"Eles querem o minério para se matarem melhor uns aos outros, concluiu certa vez, ao perceber a razão que levava os ingleses e alemães a esburacar o chão.''
O ponto de partida é a procura desenfreada pelo volfrâmio, tanto da parte dos aliados como dos alemães em Portugal, durante a segunda guerra mundial, algo que acho que está um pouco apagado da história, ficou esquecido juntamente com as aldeias nas serras, de onde eram extraídas as pedras tão procuradas para fabricar artilharia nessa guerra.
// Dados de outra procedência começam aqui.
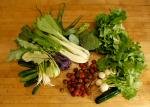 VegDisply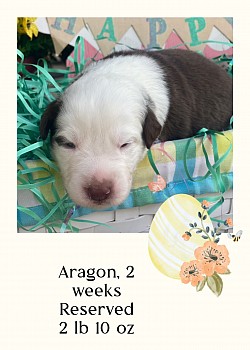 Dante, red Tri male, Reserved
O autor, quanto a mim conseguiu de forma sublime entrelaçar a componente histórica com ficcional, dando-lhe vida e fazendo com que tudo o que li me parecesse verdade, fiquei imersa nas gentes de Arouca, na aldeia de Cabreiros e na família dos "do Aido". Fiquei fascinada com estas personagens e com o quanto me pareceram reais. Ao longo da narrativa vi-me envolvida nas intrigas, nas lendas, nas rotinas, na pobreza, na loucura que foi o volfrâmio e o quanto mexeu com as aldeias.
A portugalidade, os costumes e maneirismos estão perfeitamente descritos, bem como a fé inabalável e o amparo que muitos viam no cristianismo, na igreja, nos santos e obviamente na figura do Padre! Ainda a fome, a falta de bens essenciais e tudo aquilo que caracterizou o período da ditadura Salazarista, e o impacto que a exploração do volfrâmio teve na pequena economia destas aldeias, cegando alguns com sonhos de riqueza que acabaram feitos em pó.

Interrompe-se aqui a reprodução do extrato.